Alan-about: A potted history of Alan

Our story begins with that quaint old aunt of media; Radio. Beavering away within the BBC’s cavernous production salt mines were a group of writers and performers bent on satirising the pompous conventions of news media. Or something like that. The timeless comedy that emerged was On the Hour, a supremely inventive and witty series that saw the debut of one Alan Gordon Partridge. Alan read the sport, but didn’t necessarily understand it:

One of his defining traits had emerged;

He is a man struggling to speak with authority about something of which he has no working knowledge.

Overseen by Armando Iannucci (who you may know from Veep), the show transferred to TV and became The Day Today.

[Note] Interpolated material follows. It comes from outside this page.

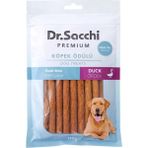 Tech Butiq Dr.sacchi Premium Ördekli Çubuk Tahılsız Köpek Ödülü 5" 11-13 gr 10'lu - Altın - Option-1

How successful was the show? There is now a whole generation of people in the UK who cannot view TV news without laughing at it’s absurd conventions (mostly in despair). That successful.

Alan took to the visual medium with customary aplomb, pissing off a female Rally driver, doggedly pursuing a footballer into the showers for a post-match interview and creating a World Cup visual aid so convoluted he ends up (literally) lost inside it. Trait number two emerges:

He is an incompetent person given an extraordinary large number of chances to prove otherwise.

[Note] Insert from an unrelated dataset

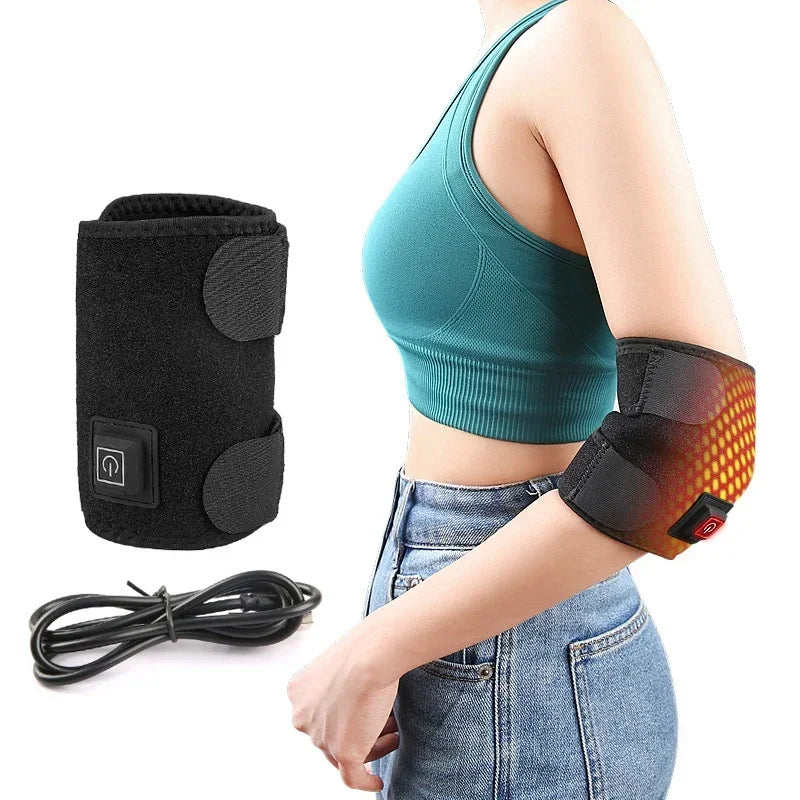 Electric Heated Knee Massager Brace Adjustable 3 Gear Temperature Elbow Protector Hot Compress Shoulder Protective Belt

Running with that theme of unearned opportunities, the fictional ABBA loving TV personality then got this own TV show. Knowing Me Knowing You (and the Christmas special, Knowing Me Knowing Yule). Complete with cheesy catchphrase “Ah-HA!” and naff theme tune, the show skewered not only Alan but the faux-cosy nature of TV chat shows. It’s easy to read Alan and know what he is thinking and it’s usually the opposite of what he is trying to express. Trait number three:

He is visibly insincere.

KMKY ends with the slight mishap of an on-air shooting, so it’s unsurprising that when we pick up with Alan via the mockumentary I’m Alan Partridge we find him back in Norfolk doing local radio and living in a travel tavern. Despite his life being in ruins Alan’s ego remains in tact “I’m a national TV broadcaster trapped in the body of a regional radio presenter. There’s no operation that can save me. Not on the NHS.” Trait number four:

He is deluded to the point where it damages his everyday life.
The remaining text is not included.